The Helmholtz Institute Freiberg for Resource Technology (HIF), which is part of the Helmholtz-Zentrum Dresden-Rossendorf, will receive a grant of approximately €900,000 over the next three years to support the development of new technologies for the environmentally and socially sustainable as well as efficient exploration of natural resources, noted Helmholtz-Zentrum Dresden-Rossendorf. The EU funding will be made available by EIT RawMaterials, which is supported by the European Insitute of Innovation and Technology, and has already been earmarked for three new projects. The researchers are seeking to advance drone-based exploration and other innovative exploration methods.
The HIF-led inSPECTor project aims at developing an innovative sensor system that can, for example, be used with a drill core scanner. The ultimate objective is the rapid, precise and non-destructive analysis of rare earths and other critical raw materials. For this purpose, the project partners intend to combine different sensors in modular fashion, thereby exploiting the strengths of both hyperspectral imaging and laser-induced fluorescence spectroscopy. This novel approach is intended to facilitate efficient and high-resolution, two-dimensional mapping of natural rock samples and drill cores. It can also be used for the processing or recycling of valuable substances.
Other partners in the project are Freiberg Instruments, the Geological Survey of Finland (GTK), the Institute of Applied Physics at TU Bergakademie Freiberg and Specim Spectral Imaging Ltd.

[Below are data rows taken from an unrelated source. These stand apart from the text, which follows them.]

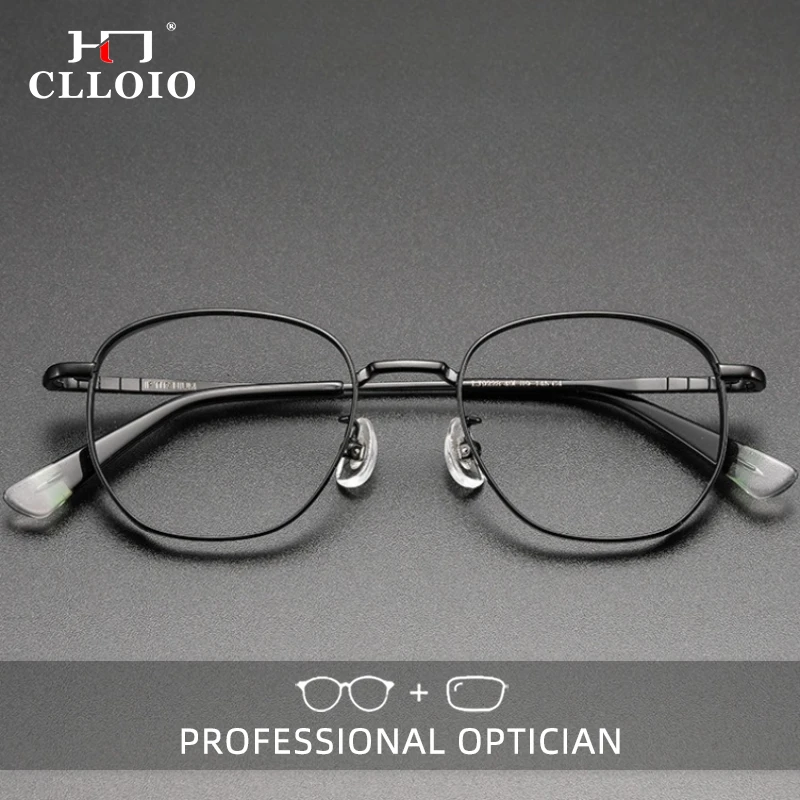 

CLLOIO Vintage Pure Titanium Round Reading Glasses Anti Blue Light Myopia Glasses Customizable Progressive Prescription Eyewear
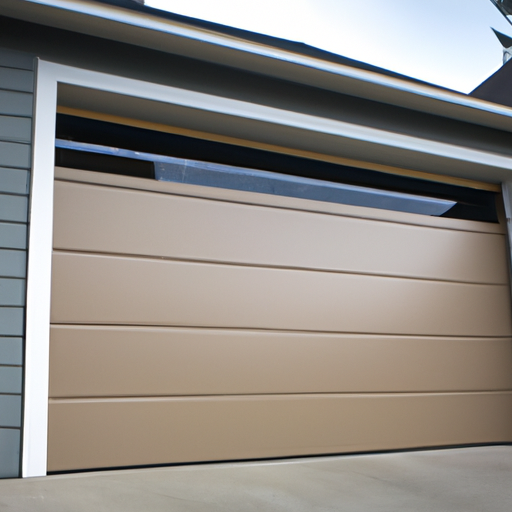 Exterior view of a newly replaced insulated steel garage door on a Bellevue house, wet pavement and cedar trim visible.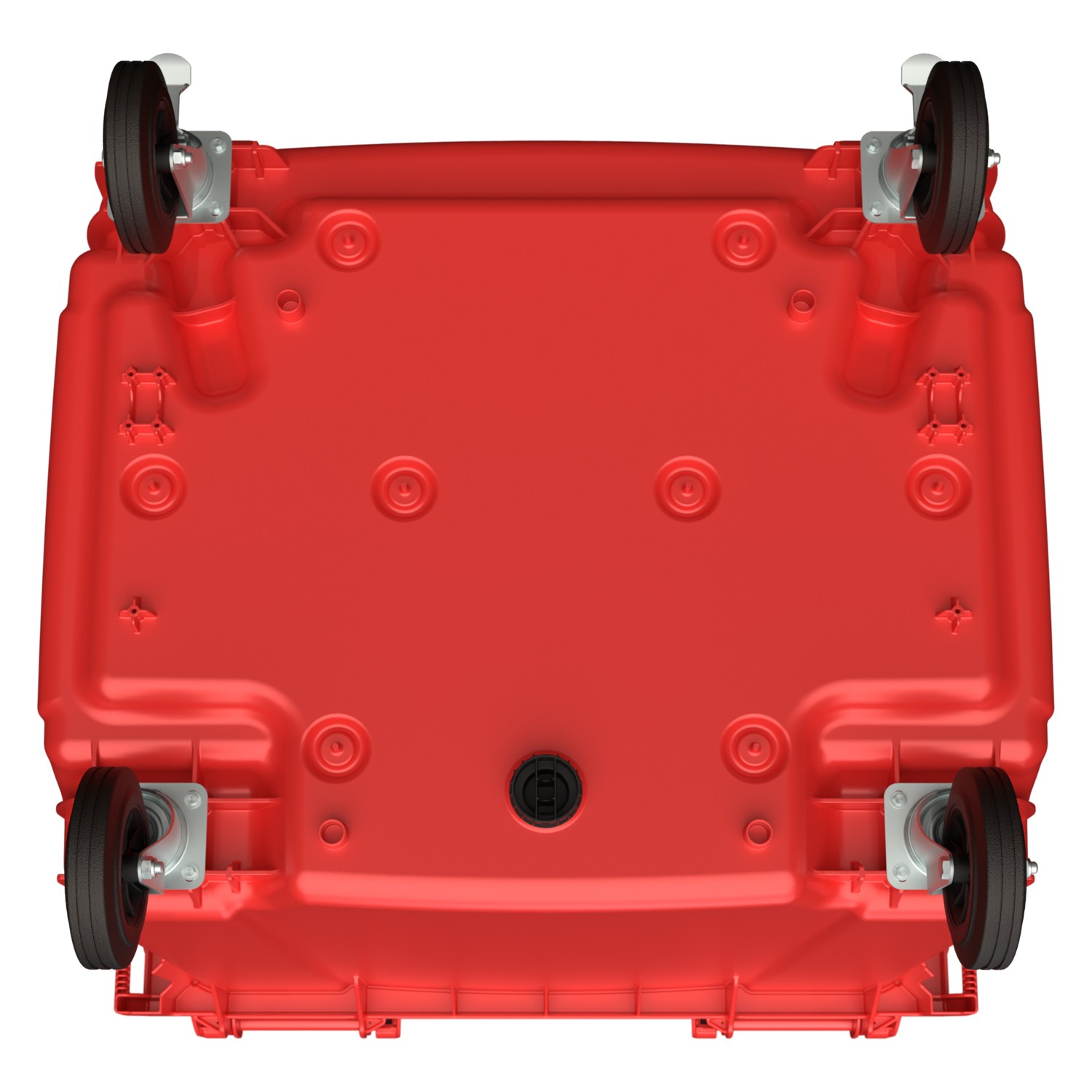Мусорный контейнер 1100 л iPlast красный 4-колёсный с красной крышкой, без педали 8-000000324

The aim of the MULSEDRO project is to take drone-borne technologies for the exploration of mineral deposits to the next level. In the future, unmanned aerial vehicles (UAVs) will look at the earth’s surface as well as measuring the physical properties of the subsurface. For this purpose, they will be equipped with hyperspectral and magnetic sensors. The surficial and subsurface information can then be combined to generate three-dimensional models. A highly promising area of application for this technology is the efficient, non-invasive exploration of raw materials in remote regions. Due to the increasing demand for resources, the mining industry is investing heavily in logistically difficult and environmentally sensitive areas, i.e. precisely the sort of location where drones are the ideal tool for quickly, flexibly, inexpensively and accurately obtaining information about potential deposits.

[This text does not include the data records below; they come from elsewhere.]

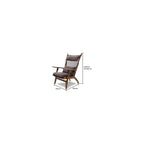 Renovation House Recliner Single Sofa Chair Simple Natural Ash Fabric Lounge Chair 80X74X108cm Walnut Color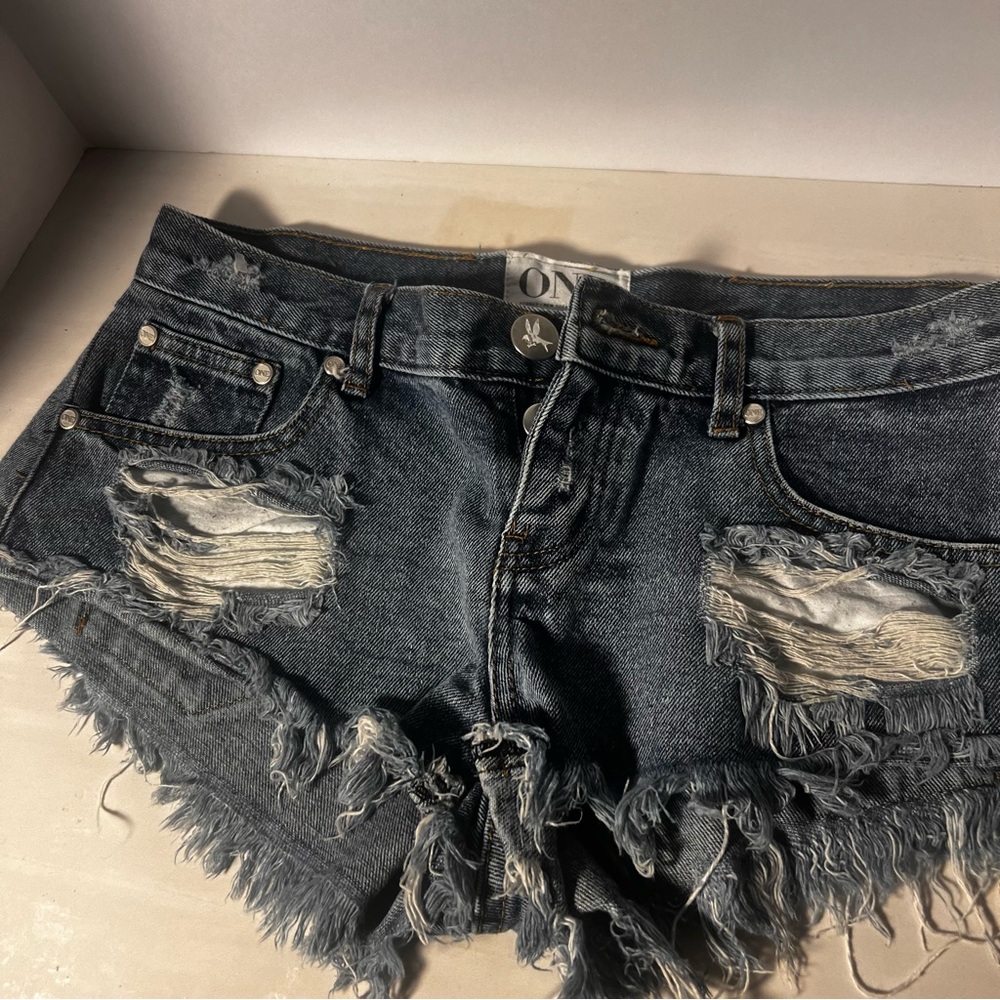 One Teaspoon Trash Whores Women's Blue Jean Shorts.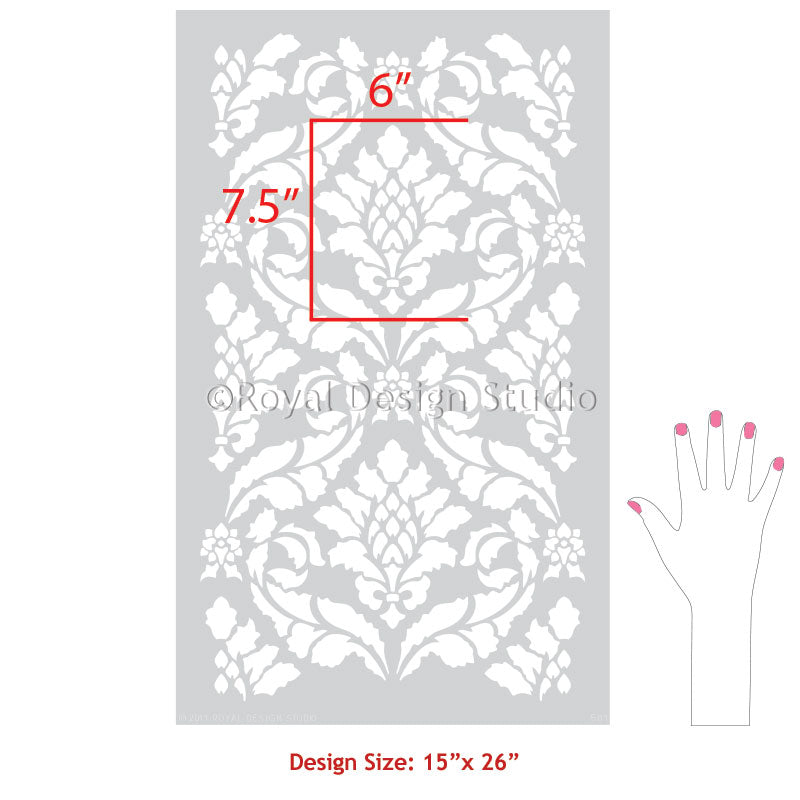 Classic Damask Stencil for DIY Home Decor, Wall Painting, and Furniture Upcycling | Reusable Decorative Template for Crafts and Art Projects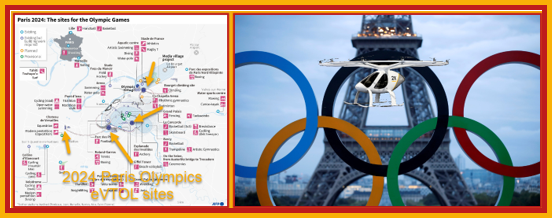 Map of Paris Olympics; Eiffel Volocopter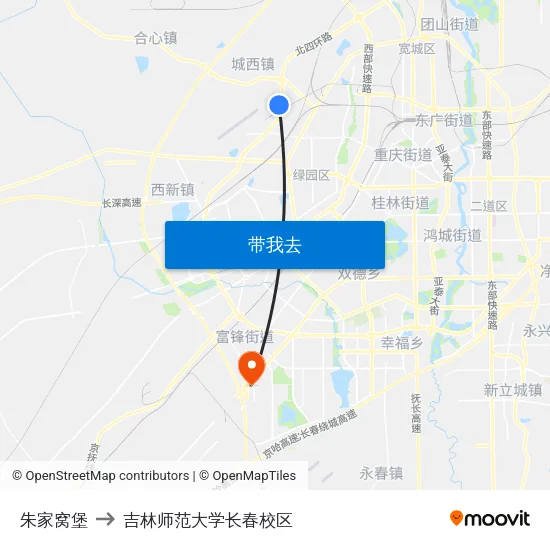 朱家窝堡 to 吉林师范大学长春校区 map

This project is coordinated by the Geological Survey of Denmark and Greenland (GEUS). Other contributors apart from HIF are DMT GmbH & Co. KG, the Geological Survey of Finland (GTK), LTU Business AB and Radai Oy.

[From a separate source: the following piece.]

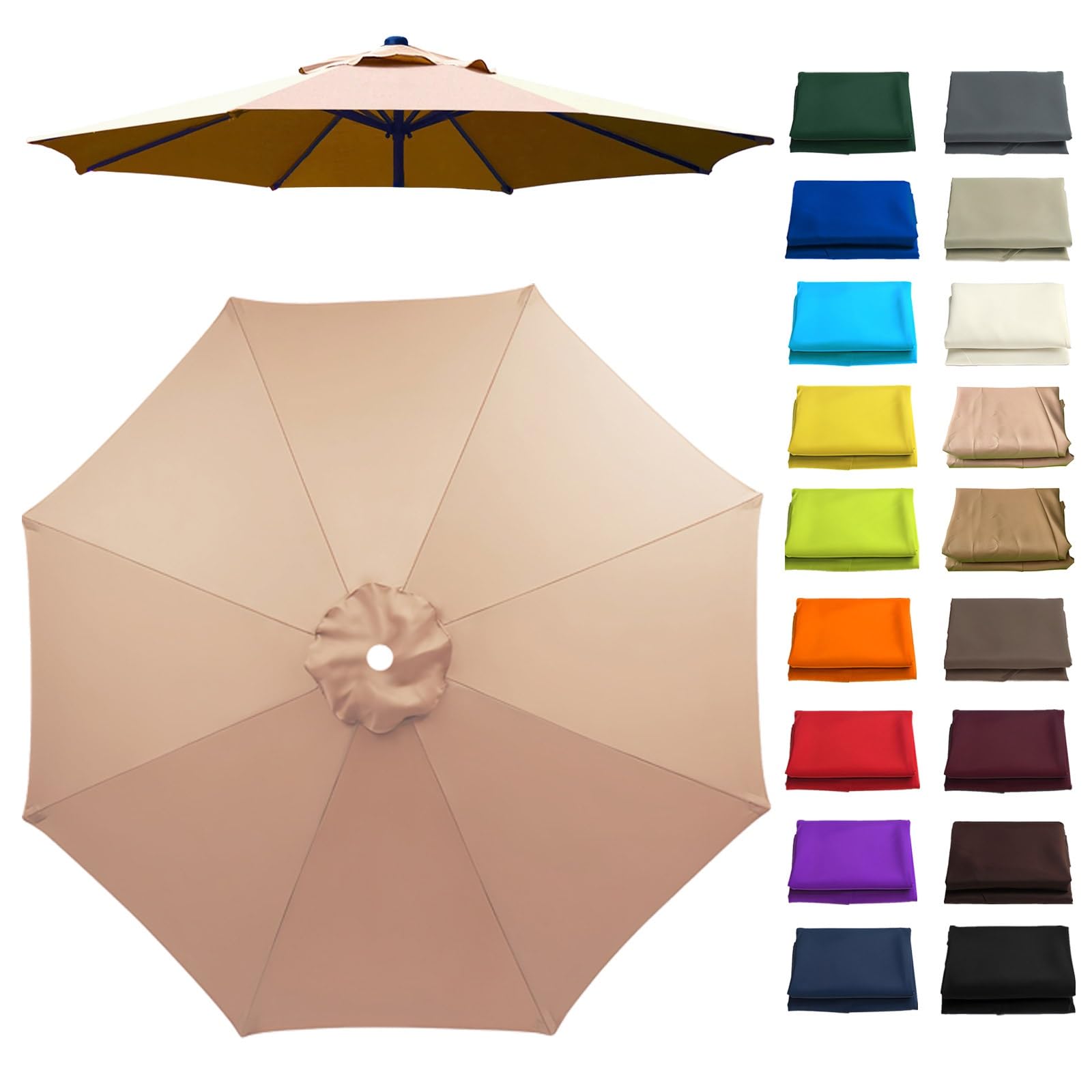 6.6/7.5/8.2/8.9/9.8/11.5Ft Patio Umbrella Replacement Canopy, Umbrella Canopy Replacement, UV Protection, 6/8 Ribs, Breathable, for Pool, Deck & Yard(Champagne,8 ribs: 2m/6.6ft)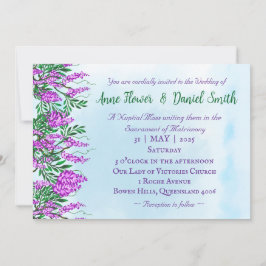 Jacaranda Himmel Blue Catholique Wedding Investiga Inbjudningar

The Helmholtz Institute Freiberg for Resource Technology is part of the new European consortium Arctic Network Hub – ARCHUB (http://eitrawmaterials.eu/project/archub/), which is committed to sustainable mineral exploration and extraction in the Arctic. The region is the focus of new exploration projects due to the abundance of raw materials there. One of the key questions that the ARCHUB has set out to answer is how these resources can be explored in an environmentally friendly and socially appropriate way by using innovative technology and achieving a broader participation of stakeholders. A major aim is to bring all parties together to set up environmental guidelines. The members of ARCHUB wish to promote and develop innovative exploration technologies using, for example, geophysics and remote sensing, as well as three-dimensional and four-dimensional mapping and simulation. HIF’s main contribution to the network is its expertise in the field of drone-based exploration and hyperspectral remote sensing
ARCHUB is coordinated by the Geological Survey of Denmark and Greenland (GEUS). Partners come from government bodies, industry and research: DMT GmbH & Co. KG, the Geological Survey of Finland, the Geological Survey of Sweden, HIF, Luleå University of Technology, Oulu Mining School, RISE Research Institutes of Sweden Holding AB/CBI Betonginstitutet AB, Trinity College Dublin, University of Limerick, and Uppsala University.